Terlebih, Kepala Staf Angkatan Darat (KSAD), Jenderal Dudung
Abdurrachman juga menyebutkan adanya paham radikalisme kanan yang menyusup ke
masyarakat.
Anwar Abbas memberi catatan, pemerintah, DPR RI, dan
yudikatif tidak konsisten melaksanakan serta menegakkan nilai-nilai Pancasila.
Ada oknum-oknum pejabat negara dan pemerintah yang kerap
menuding serta membidik tokoh-tokoh dari agama tertentu sebagai radikal. Namun
tudingan tersebut tidak dilakukan kepada agama lain.
“Padahal mereka-mereka itu juga merupakan pentolan-pentolan
utama dalam mendorong tindakan radikalisme dan terorisme, bahkan sparatisme.
Tapi mereka-mereka yang telah berbuat onar tersebut seperti tidak dijamah dan
terjamah,” katanya.
Kemudian dalam bidang hukum, lanjut Anwar, penegakan hukum
tampaknya tajam kepada kelompok kecil dan tumpul terhadap kelompok tertentu.
Dalam bidang politik, Anwar melihat wakil-wakil di DPR tidak
menempatkan diri sebagaimana mestinya menjadi seorang wakil rakyat.
"Pada kenyataannya mereka dipilih rakyat, tapi saat
terpilih tidak lagi bekerja bersama rakyat tapi untuk kepentingan partainya
yang sudah terkooptasi dan dikendalikan oleh para pemilik kapital,"
lanjutnya.
Di bidang ekonomi, para pemimpin Indonesia lebih
memperhatikan kepentingan pemilik kapital daripada kepentingan rakyat. Padahal
konstitusi di Pasal 33 UUD 1945 telah mengamanatkan kepada negara untuk
menciptakan sebesar-besar kemakmuran rakyat.

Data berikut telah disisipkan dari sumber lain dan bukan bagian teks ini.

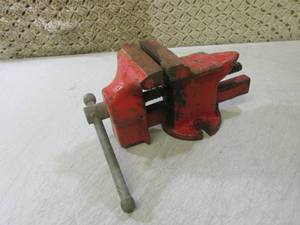 lot 27 image: (FS) Milwaukee Bench Vise with Anvi...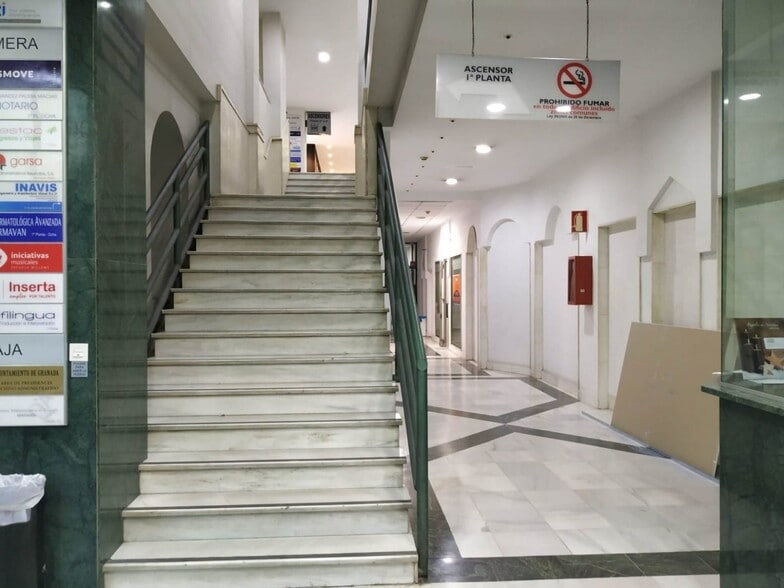 Local en Granada en venta - Vestíbulo - Imagen 2 de 15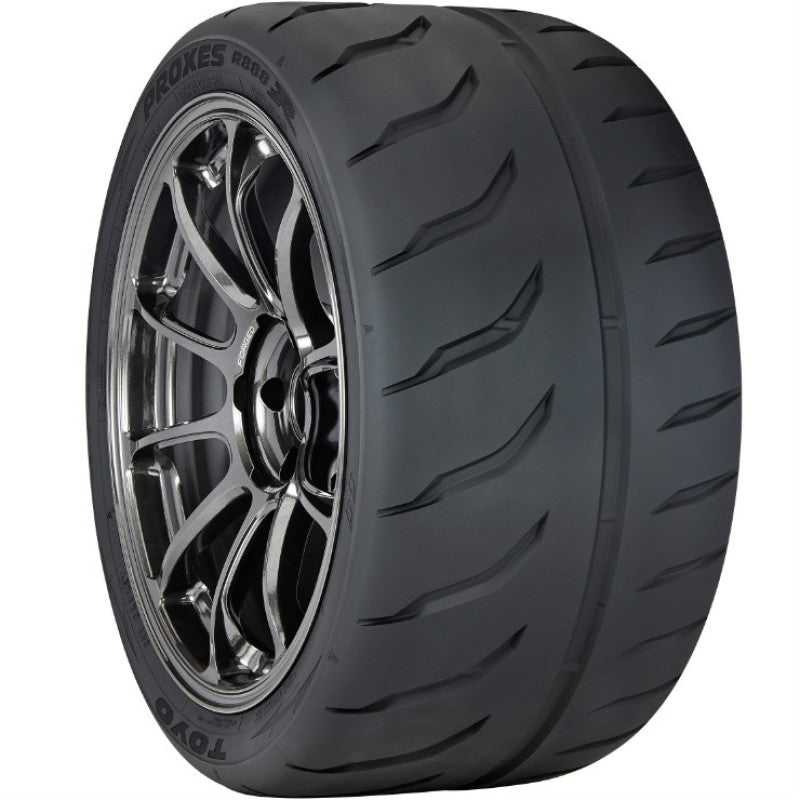 Toyo Proxes R888R Tire - 325/30ZR20 102Y - 104390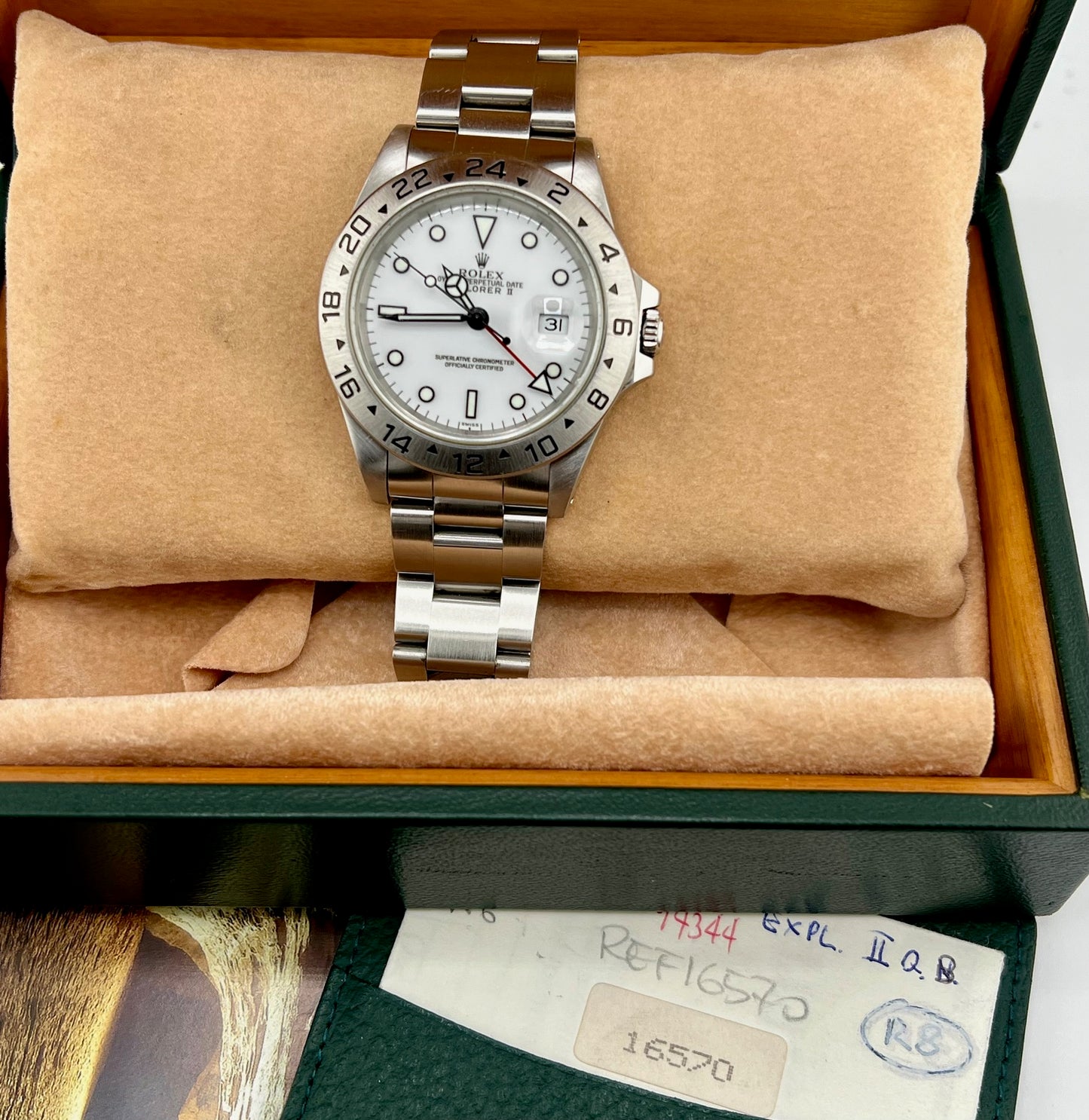 Rolex Explorer II 16570 White Dial ''Swiss'' Only full set 1994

"Memang pemerintah dan DPR sudah memakmurkan rakyat,
tapi rakyat yang mana? Yaitu mereka-mereka yang punya duit atau yang disebut
para pemilik kapital dan atau para oligarki. Sementara fakir miskin dan anak
terlantar nyaris tidak terurus dengan baik, masih jauh panggang dari api,”
tandasnya. (rmol)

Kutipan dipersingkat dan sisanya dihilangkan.